● **Task requirements**
Return all the entries. Match them word for word.
═════ The data
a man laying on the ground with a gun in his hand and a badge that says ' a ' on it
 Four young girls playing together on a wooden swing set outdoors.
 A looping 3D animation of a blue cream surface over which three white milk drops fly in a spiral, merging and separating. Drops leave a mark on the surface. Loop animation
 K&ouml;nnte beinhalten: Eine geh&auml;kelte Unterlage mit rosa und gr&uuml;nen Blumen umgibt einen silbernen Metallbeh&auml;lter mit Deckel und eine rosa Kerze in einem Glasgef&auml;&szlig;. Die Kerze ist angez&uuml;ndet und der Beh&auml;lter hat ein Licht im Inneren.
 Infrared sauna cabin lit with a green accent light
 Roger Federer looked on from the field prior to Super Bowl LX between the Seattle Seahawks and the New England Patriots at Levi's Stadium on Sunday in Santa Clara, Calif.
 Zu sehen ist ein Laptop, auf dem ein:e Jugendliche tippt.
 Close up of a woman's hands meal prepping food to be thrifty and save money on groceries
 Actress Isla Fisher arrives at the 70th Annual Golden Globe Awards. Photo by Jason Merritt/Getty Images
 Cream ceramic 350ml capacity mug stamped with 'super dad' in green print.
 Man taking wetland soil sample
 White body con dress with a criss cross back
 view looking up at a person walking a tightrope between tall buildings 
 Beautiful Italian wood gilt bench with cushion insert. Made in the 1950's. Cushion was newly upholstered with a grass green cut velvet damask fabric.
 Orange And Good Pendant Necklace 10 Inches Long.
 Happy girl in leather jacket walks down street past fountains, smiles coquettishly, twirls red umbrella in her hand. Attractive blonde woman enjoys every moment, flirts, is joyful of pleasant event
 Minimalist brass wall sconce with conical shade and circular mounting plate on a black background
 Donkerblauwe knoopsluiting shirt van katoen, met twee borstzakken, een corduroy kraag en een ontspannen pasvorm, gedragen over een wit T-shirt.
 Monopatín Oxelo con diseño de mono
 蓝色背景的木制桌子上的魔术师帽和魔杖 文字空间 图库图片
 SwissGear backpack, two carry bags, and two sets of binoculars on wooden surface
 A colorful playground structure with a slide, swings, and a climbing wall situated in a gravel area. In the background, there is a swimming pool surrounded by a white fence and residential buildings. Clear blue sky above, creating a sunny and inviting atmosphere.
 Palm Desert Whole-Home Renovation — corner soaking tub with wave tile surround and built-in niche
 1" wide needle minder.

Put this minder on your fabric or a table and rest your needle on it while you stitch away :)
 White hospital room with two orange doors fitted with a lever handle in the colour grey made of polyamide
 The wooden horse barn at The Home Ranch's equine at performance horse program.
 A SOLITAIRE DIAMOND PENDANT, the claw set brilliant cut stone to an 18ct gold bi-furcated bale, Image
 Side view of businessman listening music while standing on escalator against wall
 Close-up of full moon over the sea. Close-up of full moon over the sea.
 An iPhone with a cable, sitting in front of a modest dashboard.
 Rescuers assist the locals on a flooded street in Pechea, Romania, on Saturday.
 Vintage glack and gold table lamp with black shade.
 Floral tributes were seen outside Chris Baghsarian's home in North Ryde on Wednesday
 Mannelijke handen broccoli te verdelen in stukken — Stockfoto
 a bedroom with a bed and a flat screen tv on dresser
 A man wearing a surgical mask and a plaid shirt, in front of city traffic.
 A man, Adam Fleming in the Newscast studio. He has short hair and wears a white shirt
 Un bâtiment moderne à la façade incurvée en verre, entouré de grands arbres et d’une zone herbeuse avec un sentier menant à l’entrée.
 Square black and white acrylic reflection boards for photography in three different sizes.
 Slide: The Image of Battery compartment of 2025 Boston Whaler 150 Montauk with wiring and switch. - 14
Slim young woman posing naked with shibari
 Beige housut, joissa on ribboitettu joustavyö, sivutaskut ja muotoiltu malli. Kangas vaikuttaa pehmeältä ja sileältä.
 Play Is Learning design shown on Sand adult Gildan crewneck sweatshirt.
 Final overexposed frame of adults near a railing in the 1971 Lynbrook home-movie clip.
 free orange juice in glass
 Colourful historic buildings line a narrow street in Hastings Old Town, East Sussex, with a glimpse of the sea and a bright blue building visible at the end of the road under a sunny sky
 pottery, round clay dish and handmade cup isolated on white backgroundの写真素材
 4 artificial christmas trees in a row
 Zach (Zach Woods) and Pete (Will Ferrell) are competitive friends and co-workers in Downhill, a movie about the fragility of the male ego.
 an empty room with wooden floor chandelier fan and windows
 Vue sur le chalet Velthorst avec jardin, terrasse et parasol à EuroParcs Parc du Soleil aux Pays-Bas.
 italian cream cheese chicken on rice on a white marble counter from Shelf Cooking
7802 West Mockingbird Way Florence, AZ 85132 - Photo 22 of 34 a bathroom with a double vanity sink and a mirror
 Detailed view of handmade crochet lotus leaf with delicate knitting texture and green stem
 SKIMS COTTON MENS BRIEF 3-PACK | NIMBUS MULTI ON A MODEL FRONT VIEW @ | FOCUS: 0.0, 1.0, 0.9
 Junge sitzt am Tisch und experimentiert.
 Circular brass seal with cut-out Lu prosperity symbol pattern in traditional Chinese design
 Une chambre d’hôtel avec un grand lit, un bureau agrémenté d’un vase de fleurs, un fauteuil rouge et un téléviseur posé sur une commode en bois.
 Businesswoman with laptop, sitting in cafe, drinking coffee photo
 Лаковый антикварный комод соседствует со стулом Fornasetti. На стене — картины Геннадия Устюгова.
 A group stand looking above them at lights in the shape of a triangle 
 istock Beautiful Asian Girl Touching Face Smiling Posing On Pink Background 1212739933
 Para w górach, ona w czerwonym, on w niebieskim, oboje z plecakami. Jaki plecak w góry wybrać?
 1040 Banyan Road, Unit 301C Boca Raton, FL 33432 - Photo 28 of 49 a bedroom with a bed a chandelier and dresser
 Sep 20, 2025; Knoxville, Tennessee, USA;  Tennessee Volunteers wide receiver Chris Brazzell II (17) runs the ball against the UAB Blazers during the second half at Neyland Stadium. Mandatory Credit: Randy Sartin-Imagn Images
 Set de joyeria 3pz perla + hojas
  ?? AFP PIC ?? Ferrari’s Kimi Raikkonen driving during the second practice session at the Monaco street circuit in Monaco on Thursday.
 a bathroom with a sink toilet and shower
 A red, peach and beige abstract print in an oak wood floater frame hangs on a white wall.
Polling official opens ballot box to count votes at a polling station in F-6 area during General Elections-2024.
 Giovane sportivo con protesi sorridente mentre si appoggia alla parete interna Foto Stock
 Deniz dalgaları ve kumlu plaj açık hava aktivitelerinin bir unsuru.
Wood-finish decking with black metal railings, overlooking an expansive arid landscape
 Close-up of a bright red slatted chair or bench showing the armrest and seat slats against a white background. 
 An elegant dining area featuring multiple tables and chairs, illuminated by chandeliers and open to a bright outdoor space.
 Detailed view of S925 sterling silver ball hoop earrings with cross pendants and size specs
══════════
● **Result of this task**
a man laying on the ground with a gun in his hand and a badge that says ' a ' on it
 Four young girls playing together on a wooden swing set outdoors.
 A looping 3D animation of a blue cream surface over which three white milk drops fly in a spiral, merging and separating. Drops leave a mark on the surface. Loop animation
 K&ouml;nnte beinhalten: Eine geh&auml;kelte Unterlage mit rosa und gr&uuml;nen Blumen umgibt einen silbernen Metallbeh&auml;lter mit Deckel und eine rosa Kerze in einem Glasgef&auml;&szlig;. Die Kerze ist angez&uuml;ndet und der Beh&auml;lter hat ein Licht im Inneren.
 Infrared sauna cabin lit with a green accent light
 Roger Federer looked on from the field prior to Super Bowl LX between the Seattle Seahawks and the New England Patriots at Levi's Stadium on Sunday in Santa Clara, Calif.
 Zu sehen ist ein Laptop, auf dem ein:e Jugendliche tippt.
 Close up of a woman's hands meal prepping food to be thrifty and save money on groceries
 Actress Isla Fisher arrives at the 70th Annual Golden Globe Awards. Photo by Jason Merritt/Getty Images
 Cream ceramic 350ml capacity mug stamped with 'super dad' in green print.
 Man taking wetland soil sample
 White body con dress with a criss cross back
 view looking up at a person walking a tightrope between tall buildings 
 Beautiful Italian wood gilt bench with cushion insert. Made in the 1950's. Cushion was newly upholstered with a grass green cut velvet damask fabric.
 Orange And Good Pendant Necklace 10 Inches Long.
 Happy girl in leather jacket walks down street past fountains, smiles coquettishly, twirls red umbrella in her hand. Attractive blonde woman enjoys every moment, flirts, is joyful of pleasant event
 Minimalist brass wall sconce with conical shade and circular mounting plate on a black background
 Donkerblauwe knoopsluiting shirt van katoen, met twee borstzakken, een corduroy kraag en een ontspannen pasvorm, gedragen over een wit T-shirt.
 Monopatín Oxelo con diseño de mono
 蓝色背景的木制桌子上的魔术师帽和魔杖 文字空间 图库图片
 SwissGear backpack, two carry bags, and two sets of binoculars on wooden surface
 A colorful playground structure with a slide, swings, and a climbing wall situated in a gravel area. In the background, there is a swimming pool surrounded by a white fence and residential buildings. Clear blue sky above, creating a sunny and inviting atmosphere.
 Palm Desert Whole-Home Renovation — corner soaking tub with wave tile surround and built-in niche
 1" wide needle minder.

Put this minder on your fabric or a table and rest your needle on it while you stitch away :)
 White hospital room with two orange doors fitted with a lever handle in the colour grey made of polyamide
 The wooden horse barn at The Home Ranch's equine at performance horse program.
 A SOLITAIRE DIAMOND PENDANT, the claw set brilliant cut stone to an 18ct gold bi-furcated bale, Image
 Side view of businessman listening music while standing on escalator against wall
 Close-up of full moon over the sea. Close-up of full moon over the sea.
 An iPhone with a cable, sitting in front of a modest dashboard.
 Rescuers assist the locals on a flooded street in Pechea, Romania, on Saturday.
 Vintage glack and gold table lamp with black shade.
 Floral tributes were seen outside Chris Baghsarian's home in North Ryde on Wednesday
 Mannelijke handen broccoli te verdelen in stukken — Stockfoto
 a bedroom with a bed and a flat screen tv on dresser
 A man wearing a surgical mask and a plaid shirt, in front of city traffic.
 A man, Adam Fleming in the Newscast studio. He has short hair and wears a white shirt
 Un bâtiment moderne à la façade incurvée en verre, entouré de grands arbres et d’une zone herbeuse avec un sentier menant à l’entrée.
 Square black and white acrylic reflection boards for photography in three different sizes.
 Slide: The Image of Battery compartment of 2025 Boston Whaler 150 Montauk with wiring and switch. - 14
Slim young woman posing naked with shibari
 Beige housut, joissa on ribboitettu joustavyö, sivutaskut ja muotoiltu malli. Kangas vaikuttaa pehmeältä ja sileältä.
 Play Is Learning design shown on Sand adult Gildan crewneck sweatshirt.
 Final overexposed frame of adults near a railing in the 1971 Lynbrook home-movie clip.
 free orange juice in glass
 Colourful historic buildings line a narrow street in Hastings Old Town, East Sussex, with a glimpse of the sea and a bright blue building visible at the end of the road under a sunny sky
 pottery, round clay dish and handmade cup isolated on white backgroundの写真素材
 4 artificial christmas trees in a row
 Zach (Zach Woods) and Pete (Will Ferrell) are competitive friends and co-workers in Downhill, a movie about the fragility of the male ego.
 an empty room with wooden floor chandelier fan and windows
 Vue sur le chalet Velthorst avec jardin, terrasse et parasol à EuroParcs Parc du Soleil aux Pays-Bas.
 italian cream cheese chicken on rice on a white marble counter from Shelf Cooking
7802 West Mockingbird Way Florence, AZ 85132 - Photo 22 of 34 a bathroom with a double vanity sink and a mirror
 Detailed view of handmade crochet lotus leaf with delicate knitting texture and green stem
 SKIMS COTTON MENS BRIEF 3-PACK | NIMBUS MULTI ON A MODEL FRONT VIEW @ | FOCUS: 0.0, 1.0, 0.9
 Junge sitzt am Tisch und experimentiert.
 Circular brass seal with cut-out Lu prosperity symbol pattern in traditional Chinese design
 Une chambre d’hôtel avec un grand lit, un bureau agrémenté d’un vase de fleurs, un fauteuil rouge et un téléviseur posé sur une commode en bois.
 Businesswoman with laptop, sitting in cafe, drinking coffee photo
 Лаковый антикварный комод соседствует со стулом Fornasetti. На стене — картины Геннадия Устюгова.
 A group stand looking above them at lights in the shape of a triangle 
 istock Beautiful Asian Girl Touching Face Smiling Posing On Pink Background 1212739933
 Para w górach, ona w czerwonym, on w niebieskim, oboje z plecakami. Jaki plecak w góry wybrać?
 1040 Banyan Road, Unit 301C Boca Raton, FL 33432 - Photo 28 of 49 a bedroom with a bed a chandelier and dresser
 Sep 20, 2025; Knoxville, Tennessee, USA;  Tennessee Volunteers wide receiver Chris Brazzell II (17) runs the ball against the UAB Blazers during the second half at Neyland Stadium. Mandatory Credit: Randy Sartin-Imagn Images
 Set de joyeria 3pz perla + hojas
  ?? AFP PIC ?? Ferrari’s Kimi Raikkonen driving during the second practice session at the Monaco street circuit in Monaco on Thursday.
 a bathroom with a sink toilet and shower
 A red, peach and beige abstract print in an oak wood floater frame hangs on a white wall.
Polling official opens ballot box to count votes at a polling station in F-6 area during General Elections-2024.
 Giovane sportivo con protesi sorridente mentre si appoggia alla parete interna Foto Stock
 Deniz dalgaları ve kumlu plaj açık hava aktivitelerinin bir unsuru.
Wood-finish decking with black metal railings, overlooking an expansive arid landscape
 Close-up of a bright red slatted chair or bench showing the armrest and seat slats against a white background. 
 An elegant dining area featuring multiple tables and chairs, illuminated by chandeliers and open to a bright outdoor space.
 Detailed view of S925 sterling silver ball hoop earrings with cross pendants and size specs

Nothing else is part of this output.